It’s happening with pretty much all professions. I’m a chemical engineer and it’s pretty much every role at my plant, the plan is just make everyone work so much they hate their lives, and then those people quit and make things worse for everyone else that’s left and it’s all fueled by an endless supply of fresh college grads who are just thrown into the deep end with the understanding that over half of them will get fed up and quit within a few years and those who stay will train the new ones coming in. It’s not just engineers, it’s operators, mechanics, maintenance coordinators, safety reps, anything you can think of. While technology technically allows fewer people to do the same work, that same work is just getting worse and worse because each employee has to do so many different types of things and have so much riding on them personally that they feel like they can’t leave or take any time off without messing up the whole operation - there is no redundancy.
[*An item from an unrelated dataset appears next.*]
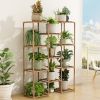 Multi-tier Wooden Plant Stand 11 Potted Flower Display Shelf Rack Vase Holder for Patio Balcony Garden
Everyone I know in the chemical industry is saying the same thing. Everyone is overworked and wages for chemical engineers have been stagnant for the past 20 years in spite of inflation and each employee delivering much more productivity than they used to. I have started to envy the production line staff who at least get overtime pay and don’t have to think about this shit once they clock out. They just leave and it’s the next shift’s problem.
i wonder how many of those fresh graduates, i assume undergrad? has little to no experience are being hired, when i was searching most of them want 2-4+years of experience despite them saying they can “Accept less”.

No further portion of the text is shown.